Buyurun buradan yakın!
Kendisi hiçbir zaman CHP’li olmamış, eski bir AP milletvekili...
Artık “şükür partiliyim” diyor.
Torun çocuklarıyla vakit geçiriyor. Okuyup yazıyor.
Geçenlerde 1000 sayfalık anı kitabı piyasaya çıktı. (Anılarla Dünden Bugüne- XII Levha Yayınları, İst.)
Şükür ki, dönüşüme-açılıma tabi tutulmak istenen Cumhuriyet döneminin görgü tanıkları hâlâ aramızdalar.
“Tarih açılımcısı” iktidara karşı onların anlattıkları yazdıkları elimizdeki en büyük dayanak.
Tanrı onlara sağlık afiyet, medyadaki meslektaşlara da gayret ve feraset versin ki...
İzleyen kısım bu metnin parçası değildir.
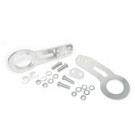 Universal Aluminum CNC Tow Hook Set | Front & Rear | Silver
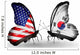 Two Butterflies With Flags 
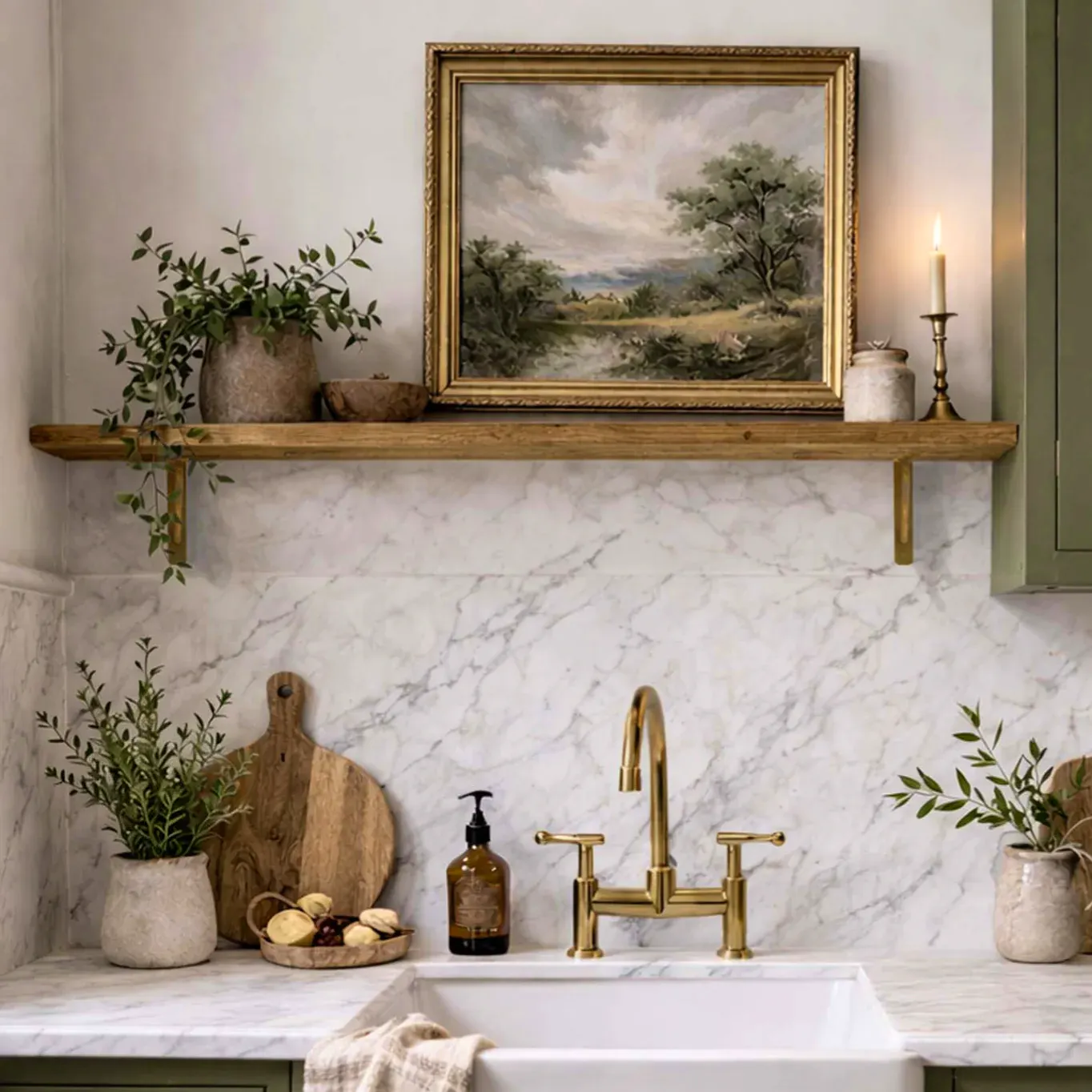Ben Simpson Funiture Natural Brass Bracket Shelf, £116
Dizideki Hürrem Sultan’ın eniştesi Zırtullah Ağa’yı Pachoz Bar’da görüntülemek için sarf ettikleri çabayı hâlâ aramızda olan bu Cumhuriyet delikanlılarıyla gidip konuşmaya harcasınlar.
Görgü tanıklığı ve Uğur Mumcu
“Cumhuriyet’te yazmak, bir Cumhuriyet Savcısı kadar özen ve sorumluluk gerektirir” der ve eklerdi:
“Haber, yazı, röportaj bir iddianame kadar sağlam olmalı. Mutlaka, olayın tüm tarafları, tanıkları bulunup görüşülmelidir!”
Türkiye’nin başında dolanan birçok belanın Papa-Mafya-Ağca üçgeninde saklı olduğuna inanıyordu...
12 Eylül 1980’in karanlık günlerinde, Londra’nın uzak ve karanlık mahallelerinde elde silik fotoğraflarla, daha sonra karanlık biçimde ölecek olan o üçgenin önde gelenlerinden Bekir Çelenk’in ev komşularını birlikte dolaştık. Gittiği lokantaları, otelleri, kumarhanelerde görgü tanığı aradık.
Bulgar gizli istihbaratına çalıştığına inanılan Çelenk’i tanıyanlarla konuştuk. Mumcu’ya göre en önemli tanık, görgü tanığıydı.